IOZ rightly points out "There is no evidence that Obama 'wants nothing more than to rid himself of his war.' There's no evidence that he wants to rid himself of his war at all." Likewise, true. (h/t BDR)
But let's not forget the charges leveled by the now-"discredited" Rep. Eric Massa against Petraeus and quelle surprise former Vice President Dick Cheney:
"Four retired generals — three four-stars and one three-star — had informed him, he said, that General David Petraeus, the head of U.S. Central Command, had met twice in secret with former vice president Dick Cheney. In those meetings, the generals said, Cheney had attempted to recruit Petraeus to run for president as a Republican in 2012.Read more here.
The generals had told him, and Massa had agreed, that if someone didn't act immediately to reveal this plot, American constitutional democracy itself was at risk. Massa and I had had several conversation on the topic, each more urgent than the last. He had gone to the Pentagon, he told me, demanding answers. He knew the powerful forces that he was dealing with, he told me. They'd stop at nothing to prevent the truth from coming out, he said, including destroying him."
On whose behalf and at whose beckoning did Massa deliver that broadside on potential treason as he fell on his sword. Certainly (as I don my tin foil hat) running Petraeus back to Kabul would tend to put the kibosh on that particular coup.
In the comments to my previous post, Frances Madison points out that Secretary of State Hillary Clinton has also been a hawk on the wars and, along with SecDef Gates, an advocate for the surge. To which I have no answer. Is it 'good cop/bad cop'? Would the generals like to march alongside her into the White House? One may only surmise.

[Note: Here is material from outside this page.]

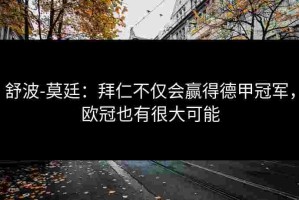 舒波-莫廷：拜仁不仅会赢得德甲冠军，欧冠也有很大可能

But, from all this ferment, I do suspect there's more going on here than meets the eye, and the long knives are, at a minimum, at the ready. I don't pretend to know what is happening behind the scenes; as my profile says I'm just a blogger. But if—and this is a big if—if Obama were attempting to end these wars in a manner befitting his own sense of cautious professionalism and presidential dignity, what would the effort look like? Mightn't it initially take the form of leaked conspiracies and toppled conspirators? Perhaps.

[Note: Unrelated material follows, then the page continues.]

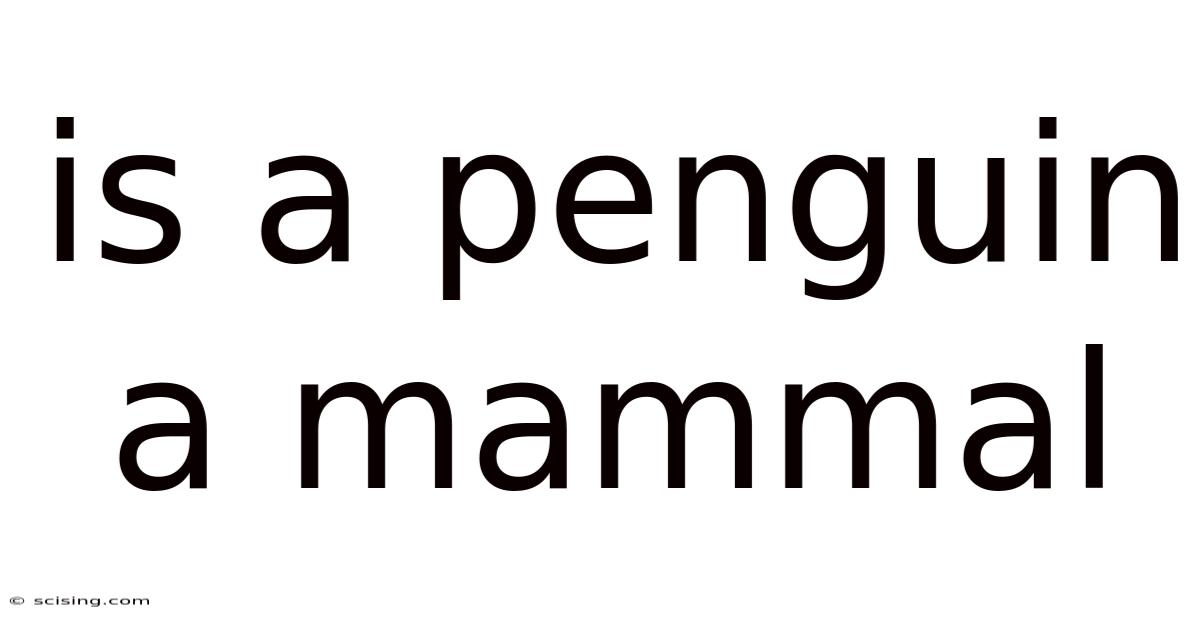 Is A Penguin A Mammal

One does not have to be a true believer or Kool-Aid drinker to hope that Obama is living up to his promise to end these disastrous imperial warlike foreign military adventures. Nor does one need to be an Obamapostate to think he has become hopelessly compromised by forces over which his office may have little or no control.

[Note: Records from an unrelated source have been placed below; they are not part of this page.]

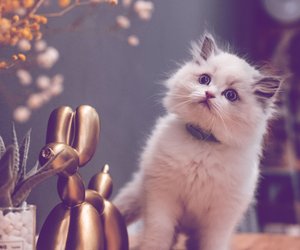 Katzen-Quiz: Nur echte Liebhaber schaffen alle 15 Fragen!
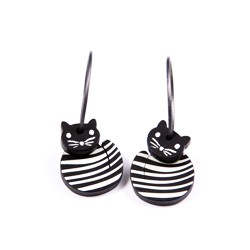 Cat, round, black w white...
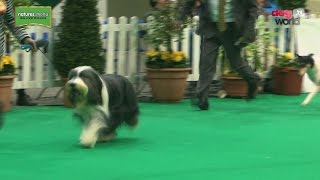 Birmingham National Dog Show 2017  Pastoral group [upl. by Elenore559]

I do believe that institutional war strategy is not something that can pivot on a dime. Short of the 'great war' and its truce, one simply can not just pack up one's war things and go home unilaterally. (Hell, it took well over a year to get a health care bill passed.)
Personally, I believe we should extricate our armies from Iraq and Afghanistan with all due speed. I also believe that demilitarizing our country's budgets and politics is the only way to get the U.S.'s, and thus much of the world's, economy going again. And reduce the deficit to boot.
I would like to believe Obama holds these same beliefs and is working against the entrenched interests at the Pentagon and on Capitol Hill and around his own Cabinet table to achieve these ends—however deliberately. But I can't be sure.